Todos esses adjetivos, próprios para quem faz política sem pudor, cabem para a formulação de que se formou imensa maioria favorável ao impeachment, sem considerar o papel sujo, torpe, persecutório da mídia nessa crise política. As “maiores manifestações políticas de que se tem registro no Brasil”, conforme o jornal, são resultado desse jogo rasteiro, inaceitável em uma democracia. Do mesmo modo, “as sempre oportunistas forças dominantes no Congresso que ocupam o vazio deixado pelo colapso do governo” não chegam perto do grau de vulgaridade da mídia.

A diatribe também ganha conotação de depravação ao afirmar que a administração foi posta a serviço de dois propósitos: barrar o impedimento, mediante desbragada compra de apoio parlamentar, e proteger o ex-presidente Lula e companheiros às voltas com problemas na Justiça. Opinião baseada em conclusões do jornalismo goebbeliano, fascista, e forjadas à força de repetição de mentiras para transformá-las em verdades.

Segundo o editorial golpista, mesmo que Dilma vença a batalha na Câmara não se vislumbra como ela possa voltar a governar porque os fatores que levaram à falência de sua autoridade persistirão. Quem teria essa autoridade? Esses irresponsáveis, golpistas de carteirinha, propugnam uma solução de força, um governo autoritário, condição indispensável para se aplicar o programa de governo da direita.

Ao contrário do que diz o torpe jornal, com Dilma ou com qualquer outro em seu lugar a nação seguirá “crispada, paralisada”. É forçoso reconhecer, ao contrário do que diz o malfadado editorial, que a presidenta não constitui hoje o obstáculo à recuperação do país. Pelo contrário. Só ela tem condições de formar uma coalização capaz de impedir que o país pegue o caminho proposto pela direita carcomida.

Aquela Folha desavergonhada avisa que continuará empenhada em publicar um resumo “equilibrado” dos fatos e um espectro “plural” de opiniões, mas passa a se incluir entre os que “preferem a renúncia à deposição constitucional”. Ou seja: anuncia que estará na linha de frente do golpismo, como se isso fosse alguma novidade.

E reconhece, dentro da sua linha editorial pautada pelo cinismo, que embora existam motivos para o impedimento (segundo seus critérios rotos), não existe comprovação cabal para o impeachment. “Pedaladas fiscais são razão questionável numa cultura orçamentária ainda permissiva”, escreve.
E lembra que mesmo desmoralizado, o PT (querendo dizer toda a esquerda) tem respaldo de uma “minoria expressiva”; o impeachment tenderá a deixar um rastro de “ressentimento”. Seria resistência democrática, na verdade. E faz seu malabarismo desonesto para dizer que a renúncia traduziria, “num gesto de desapego e realismo, a consciência da mandatária de que condições alheias à sua vontade a impedem de se desincumbir da missão”. É muita cara de pau! O jornal propõe, simplesmente, a rendição incondicional da presidenta aos golpistas.
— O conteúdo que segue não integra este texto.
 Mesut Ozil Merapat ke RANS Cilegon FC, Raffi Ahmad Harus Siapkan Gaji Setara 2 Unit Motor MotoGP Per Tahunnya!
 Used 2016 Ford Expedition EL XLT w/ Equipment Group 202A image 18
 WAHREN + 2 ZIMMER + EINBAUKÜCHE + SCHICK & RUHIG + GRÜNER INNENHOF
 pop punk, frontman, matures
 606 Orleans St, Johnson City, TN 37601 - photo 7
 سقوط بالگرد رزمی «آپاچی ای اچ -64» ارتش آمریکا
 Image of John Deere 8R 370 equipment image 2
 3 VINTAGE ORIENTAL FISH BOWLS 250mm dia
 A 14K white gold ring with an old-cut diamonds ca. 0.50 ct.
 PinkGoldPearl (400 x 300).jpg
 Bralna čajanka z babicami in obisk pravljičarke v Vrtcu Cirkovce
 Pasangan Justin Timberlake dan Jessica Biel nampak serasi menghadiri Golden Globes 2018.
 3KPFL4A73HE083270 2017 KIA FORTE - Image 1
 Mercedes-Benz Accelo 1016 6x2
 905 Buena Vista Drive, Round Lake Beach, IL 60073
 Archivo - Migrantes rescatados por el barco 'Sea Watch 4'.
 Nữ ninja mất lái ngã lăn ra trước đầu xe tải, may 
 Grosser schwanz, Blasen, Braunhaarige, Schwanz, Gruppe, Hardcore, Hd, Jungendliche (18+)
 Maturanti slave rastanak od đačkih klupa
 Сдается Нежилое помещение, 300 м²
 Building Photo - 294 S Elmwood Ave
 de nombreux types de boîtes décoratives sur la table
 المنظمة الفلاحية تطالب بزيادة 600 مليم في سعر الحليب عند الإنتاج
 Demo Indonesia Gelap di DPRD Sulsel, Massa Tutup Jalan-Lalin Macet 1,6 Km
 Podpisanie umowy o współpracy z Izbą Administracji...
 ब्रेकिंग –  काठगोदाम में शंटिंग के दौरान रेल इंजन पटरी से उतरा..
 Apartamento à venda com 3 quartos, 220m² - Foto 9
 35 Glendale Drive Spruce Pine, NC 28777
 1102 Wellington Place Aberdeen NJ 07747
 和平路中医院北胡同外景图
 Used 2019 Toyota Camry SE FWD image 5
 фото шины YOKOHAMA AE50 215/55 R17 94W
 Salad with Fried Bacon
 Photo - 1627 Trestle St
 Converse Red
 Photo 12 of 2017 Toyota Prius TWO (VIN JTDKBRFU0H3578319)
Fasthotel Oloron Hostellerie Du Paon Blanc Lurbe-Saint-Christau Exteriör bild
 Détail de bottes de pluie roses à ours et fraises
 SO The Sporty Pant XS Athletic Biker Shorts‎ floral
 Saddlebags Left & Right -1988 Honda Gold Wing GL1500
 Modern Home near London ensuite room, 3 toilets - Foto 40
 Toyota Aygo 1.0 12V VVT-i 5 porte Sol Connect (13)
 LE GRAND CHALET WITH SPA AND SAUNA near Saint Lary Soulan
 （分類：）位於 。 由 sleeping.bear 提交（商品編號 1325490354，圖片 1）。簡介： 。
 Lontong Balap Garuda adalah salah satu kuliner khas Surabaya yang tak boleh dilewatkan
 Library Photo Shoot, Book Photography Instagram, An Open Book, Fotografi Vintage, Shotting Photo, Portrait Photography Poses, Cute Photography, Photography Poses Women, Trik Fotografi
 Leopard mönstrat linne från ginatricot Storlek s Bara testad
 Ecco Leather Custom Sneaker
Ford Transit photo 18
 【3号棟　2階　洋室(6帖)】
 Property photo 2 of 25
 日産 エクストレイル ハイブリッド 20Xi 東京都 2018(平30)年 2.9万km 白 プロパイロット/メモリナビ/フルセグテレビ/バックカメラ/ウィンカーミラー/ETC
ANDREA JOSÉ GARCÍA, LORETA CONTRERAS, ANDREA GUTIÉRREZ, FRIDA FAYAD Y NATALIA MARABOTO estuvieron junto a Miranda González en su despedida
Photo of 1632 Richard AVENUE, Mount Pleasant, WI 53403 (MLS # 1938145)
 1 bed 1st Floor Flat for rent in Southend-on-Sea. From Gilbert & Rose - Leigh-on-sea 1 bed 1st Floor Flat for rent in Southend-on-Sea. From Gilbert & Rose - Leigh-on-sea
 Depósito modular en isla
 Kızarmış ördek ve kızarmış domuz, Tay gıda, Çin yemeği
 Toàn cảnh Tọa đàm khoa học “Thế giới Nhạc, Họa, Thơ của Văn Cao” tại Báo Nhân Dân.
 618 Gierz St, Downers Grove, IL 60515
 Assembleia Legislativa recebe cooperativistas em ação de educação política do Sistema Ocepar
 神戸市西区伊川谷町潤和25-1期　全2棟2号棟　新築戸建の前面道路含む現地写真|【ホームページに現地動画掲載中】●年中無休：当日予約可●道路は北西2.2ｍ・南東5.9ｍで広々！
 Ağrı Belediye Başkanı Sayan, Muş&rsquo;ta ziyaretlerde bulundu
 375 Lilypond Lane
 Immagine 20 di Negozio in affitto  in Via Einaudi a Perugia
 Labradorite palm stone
A mesma “consciência” deveria ter Michel Temer, apela com cinismo invulgar, que tampouco dispõe de suficiente apoio na sociedade. E vai buscar nos céus a justificativa para tamanha torpeza: “Dada a gravidade excepcional desta crise, seria uma bênção que o poder retornasse logo ao povo a fim de que ele investisse alguém da legitimidade requerida para promover reformas estruturais e tirar o país da estagnação”.

A Folha confessa abertamente que fará pressão junto ao Tribunal Superior Eleitoral para que as contas da chapa eleita em 2014 seja cassada. Se não der por aí, ela tem outra receita de salada de pepino: “Seja por essa saída, seja pela renúncia dupla, a população seria convocada a participar de nova eleição presidencial, num prazo de 90 dias”. Para dar um ar de limpeza à sujeira, diz que é “imprescindível, antes, que a Câmara dos Deputados ou o Supremo Tribunal Federal afaste de vez a nefasta figura de Eduardo Cunha – o próximo na linha de sucessão –, réu naquela corte e que jamais poderia dirigir o Brasil nesse intervalo”.

E conclui que “Dilma Rousseff deve renunciar já, para poupar o país do trauma do impeachment e superar tanto o impasse que o mantém atolado como a calamidade sem precedentes do atual governo”. A direita perdeu o senso de ridículo, qualquer resquício de fingimento de respeito à democracia e de responsabilidade para com o país. Se ela pensa que vai tirar o país do impasse com essas manobras, é bom tirar o cavalo da chuva. Certamente não pensa; ela está pensando em soluções ainda mais traumáticas do que a que diz querer poupar o país. Foi assim em 1964.